Nearly 30 years later, the problem still persists.

On Dec. 6, people across Canada gathered to commemorate one of the greatest Canadian tragedies of the last century – the Montreal Massacre. Here in London, the Womens Events Committee took to Victoria Park, holding a sombre vigil to both remember the women lost at Ecole Polytechnique three decades ago, and to recognize the women and children who still fall victim to violence to this day.

Year over year, as each of the names of the 14 women who lost their lives are read, silence always follows – an intense moment of reflection on how far we’ve come to ending gender-based violence and how far we still have to go.

Shelley Yeo is one of the founding members of the Womens Event Committee. She has been attending the memorials since the beginning, and said she is saddened by the necessity of the vigil, but encouraged by the growing support.

Just for being women

What made the 1989 murder of 14 women so tragic is the victims were murdered simply because they were women. In Canada, a woman is murdered every two days – mostly at the hands of men and often by their intimate partners.

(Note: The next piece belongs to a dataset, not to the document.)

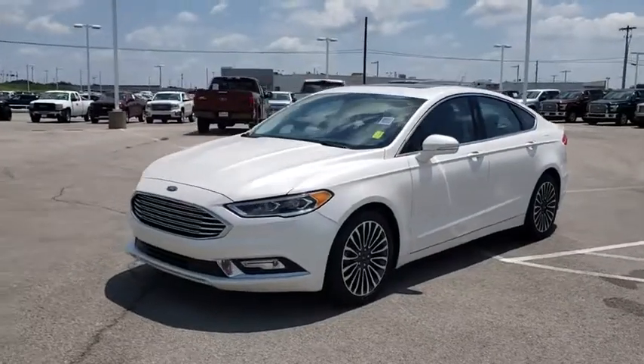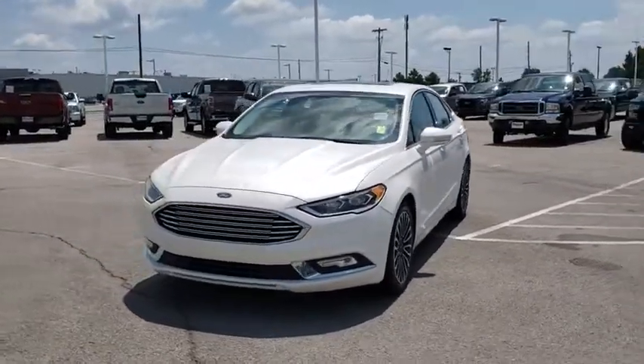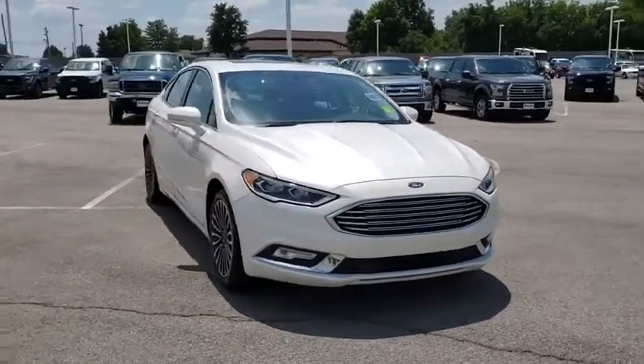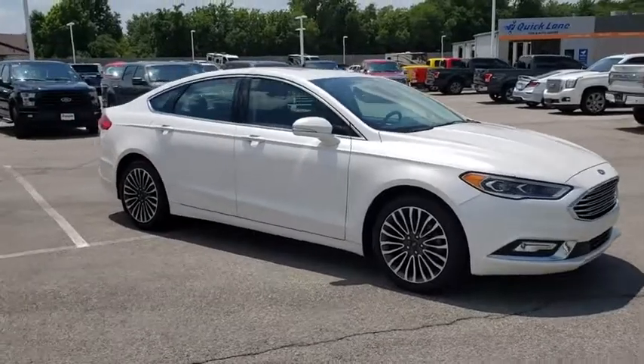You are going to love the 2017 Ford Fusion. You can have both impressive power and great economy in a Fusion. This vehicle has less than 30,000 miles.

Sadly, even as more people attend the vigil year over year, the names of victims continues to grow as well.

Whether that is due to an increase in instances or because more people are reporting these crimes, there is no denying that nearly 30 years after the Montreal Massacre, the lesson still resonates with far too few people.

“I know some of the people who lost their lives,” Yeo said. “How long do we have to continue until it ends?

“How do we ensure our kids and our grandkids don’t forget?”

Tragedy brings a community together, but it’s what they do once the ceremonies are over that makes the biggest difference. In the #metoo era, there is an increase in people seeking support, counselling, and sharing their stories.

“I think it’s very much that feeling of ‘finally people are listening.’” Yeo explained. “Their story is valid. They are no longer alone. Everybody’s story is unique and different – (people) are finally understanding that it’s important.”

MMIW

For Samantha Whiteye, facts and statistics really only go so far.

Whiteye spoke from the heart about Missing and Murdered Indigenous Women (MMIW) in Canada, putting human faces to the mothers, daughters, aunts and sisters that for to long have been overlooked.

It’s easy to think of MMIW as a national issue, far from home – something that’s particularly prevalent on the west coast or the prairies. However, Samantha said the problem is closer to London than most realize.

“To be honest, you always think that it’s not going to happen around you,” she said. “There have been a few stories that are starting to pop up in this area. That’s alarming to me. This area has a large Indigenous presence.”

Awareness of the issue is spreading, helped in large part by social media. However, the numbers of missing and murdered women also continues to increase.

Whiteye said safety is of utmost importance for women.

“I can’t stress that enough, especially for Indigenous women,” she said. “When you’re going out, let people know where you are and when you’ll be returning.”

However, there is much healing taking place with the First Nations communities – an approach that encompasses both men and women and the roles they play.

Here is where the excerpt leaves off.